Got in a little hometown jam
So they put a rifle in my hand
And sent me off to a foreign land
To go and kill the yellow man.
~ Bruce Springsteen, Born In The USA
Horse-faced royal twit wants to play at soldiers, possibly in order to come out of the shadow of his elder brother, or to put publicity associated with running around naked behind him. After all, royals going to war legitimises the war, right? Nothing like a bit of healthy propaganda to rescue a collapsing domestic morale...as long as nothing goes wrong.
So the royal twit gets himself sent off to Afghanistan, to “go and kill the brown man” – unlike Springsteen’s narrator, who had no choice, this is something he chose to do, and it was also the second time he’s going back there.
He gets to go there, we should remember, because the kingdom’s soldiers are in that country in order to die for the US President, who is not their king-emperor, at least not officially.
Said royal twit, incidentally, is a racist little thug who has a penchant for referring to brown-skinned people as “ragheads” and “Pakis”, and has been known to dress up in swastikas. Prince Charming, he’s not.
The Afghan resistance, who’s gaining in strength by the day, declares that it will go to some effort to kill or arrest him. They know which base he’s on, from where he will apparently be flying Apache helicopter gunships – you know, like those ones which regularly murder Afghan women and children. So it can be assumed that he’s a fairly prime target, just as he was when he’d gone to Afghanistan the first time round.
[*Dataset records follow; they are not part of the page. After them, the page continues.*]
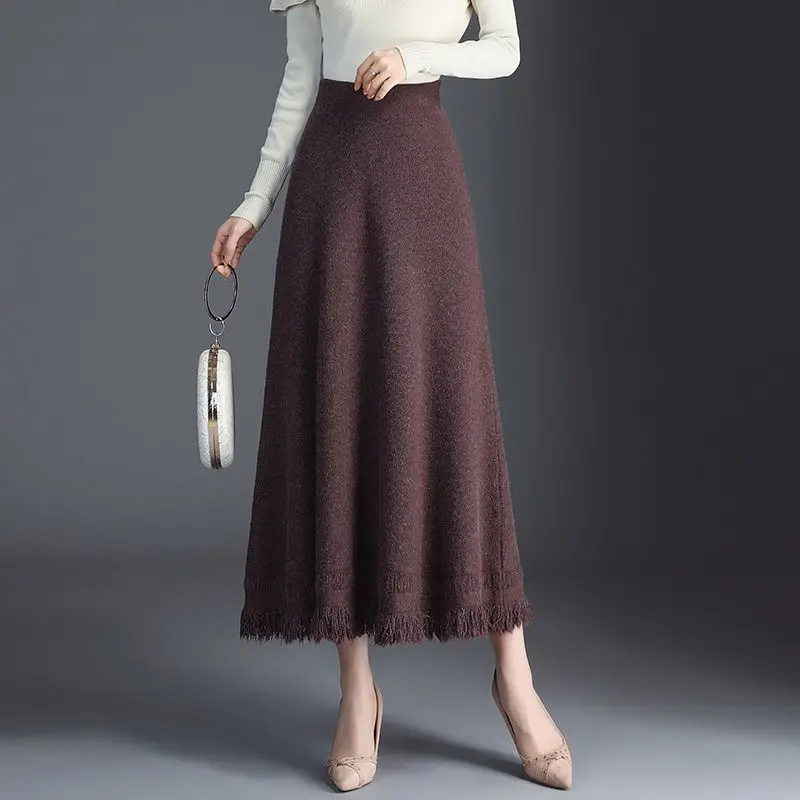 Knitted skirt female autumn winter 2023 half skirt Medium long a-line skirt casual solid Small versatile wool skirt female tops
Knitted skirt female autumn winter 2023 half skirt Medium long a-line skirt casual solid Small versatile wool skirt female tops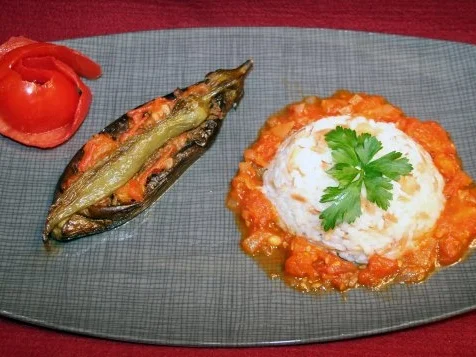 Auberginenschiffchen "Bosporus" auf Pilawreis mit Kichererbsen und feinem Concassée - Rezept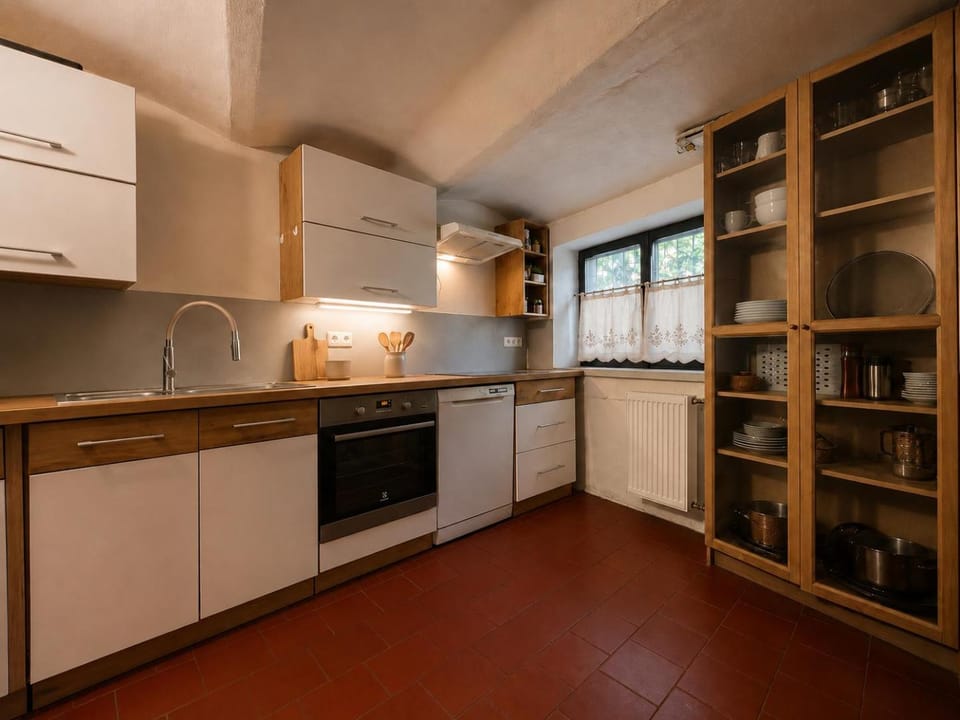 Kitchen or kitchenette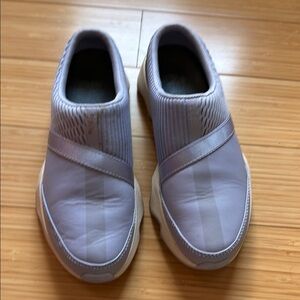 Sorel women’s lavender slip on sneaker size 7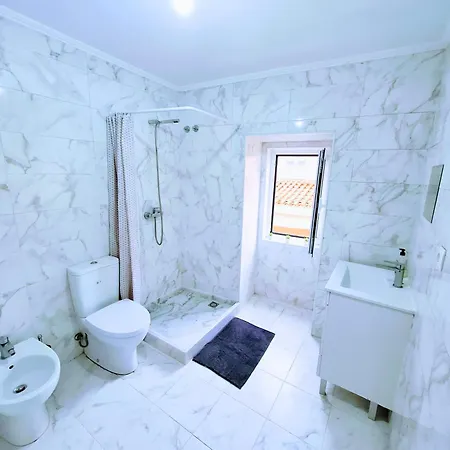 Lägenhet Beautiful And Spacious Flat In The Center Lisboa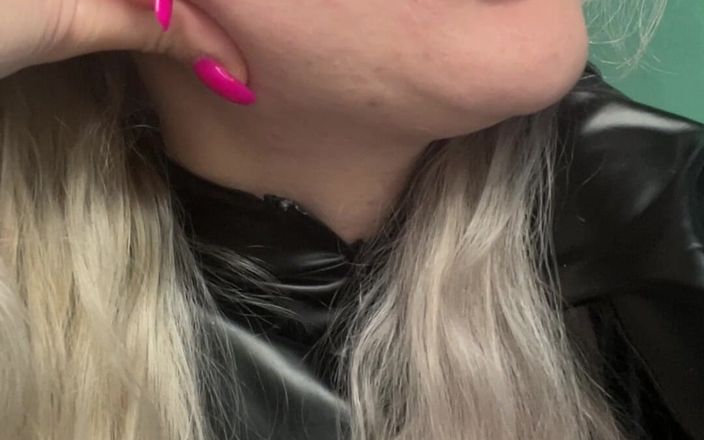 FinDom Goaldigger: Ukaž mi svůj jazyk!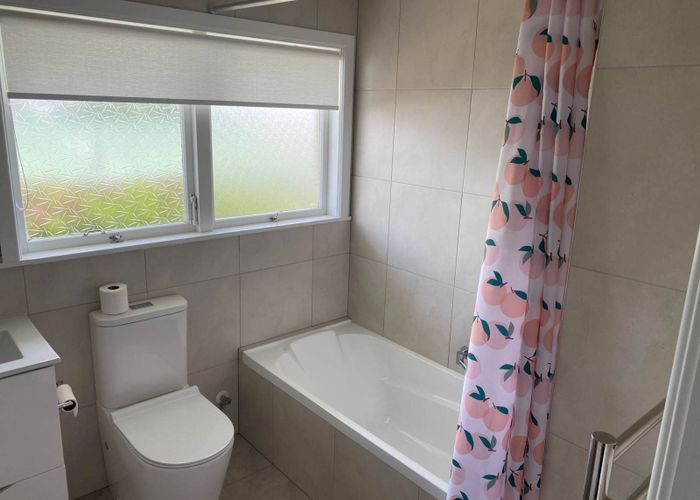  at 50a Mellons Bay Road, Howick, Manukau City, Auckland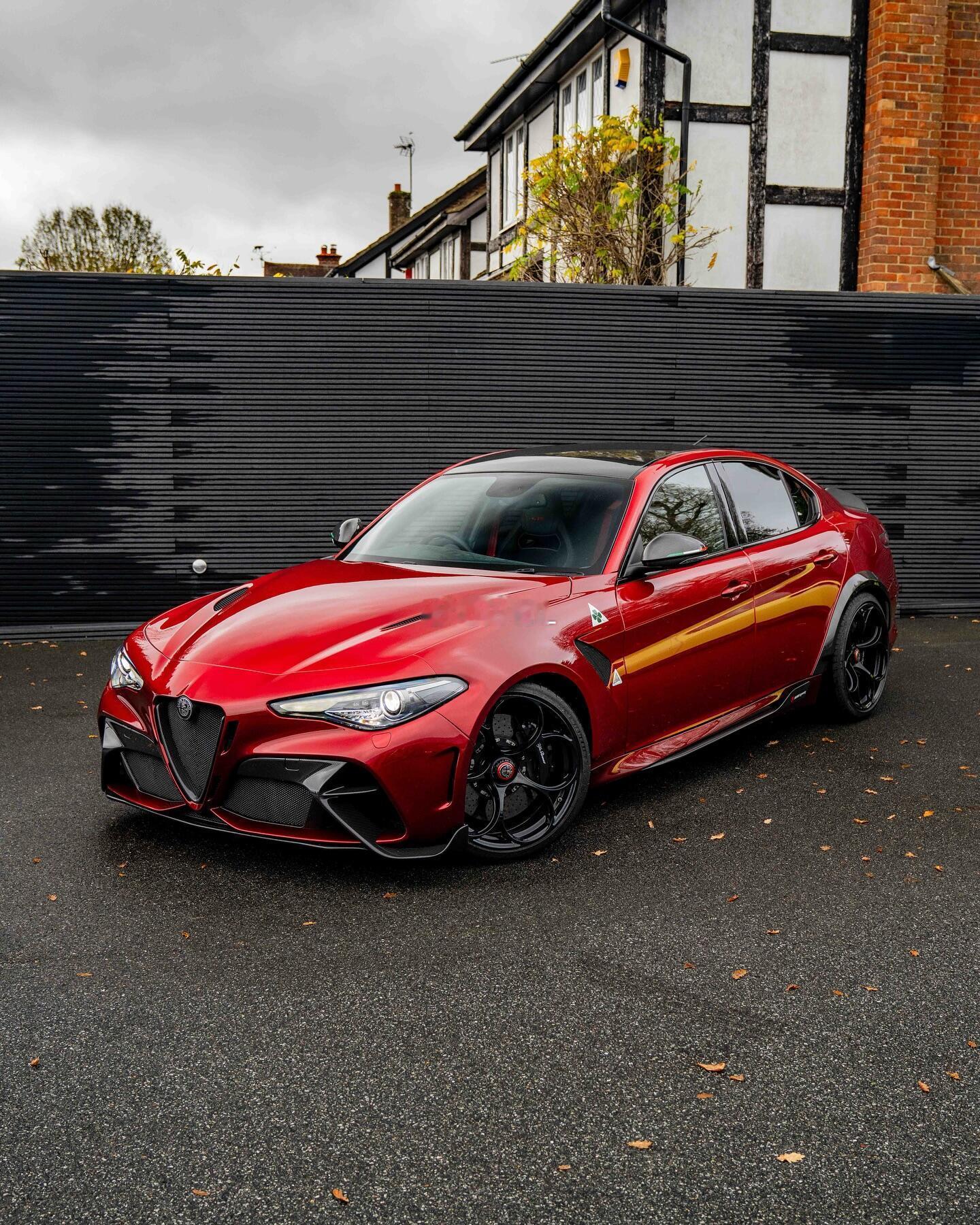 四门性能轿跑。阿尔法·罗密欧极少推出限量特别版车型，但每一次出手，都注定成为传奇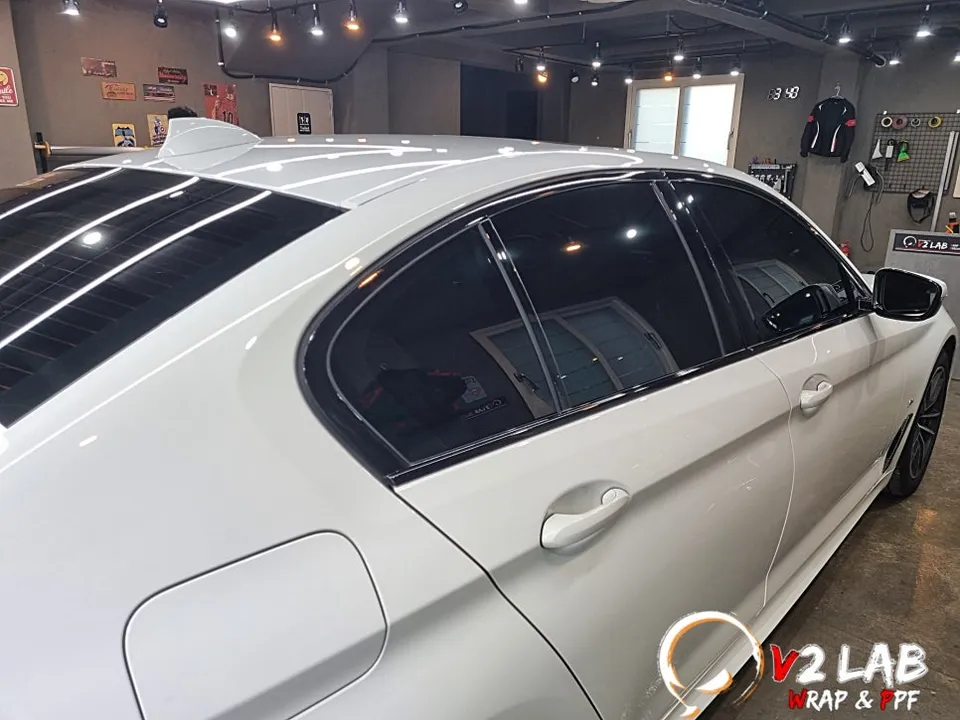 BMW 5 Seriesのカーラッピング事例 施工写真 3-2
Is the Afghan resistance's threat a bluff? Not quite.
Suiting actions to words, the Afghan resistance hits the "fortified" base hard, destroys six Harrier VTOL fighters and damages two, kills two US Marine Corps members of the guard and injures several more. They don’t get the royal twit, at least this time round, and claim the mission wasn’t meant to get him. But you can be sure there’s going to be a lot of disquiet and anxiety in the kingdom right now.
The anxiety and disquiet will handily be increased because the royal twit will have to be kept away from any and all contact with even the tame ”ragheads” and “Pakis”. That’s not just because he’s gone there to kill them, but because they can’t be trusted not to kill him – not for a moment. After all, they’re blowing away their alleged allies in increasing numbers, on a virtually daily basis.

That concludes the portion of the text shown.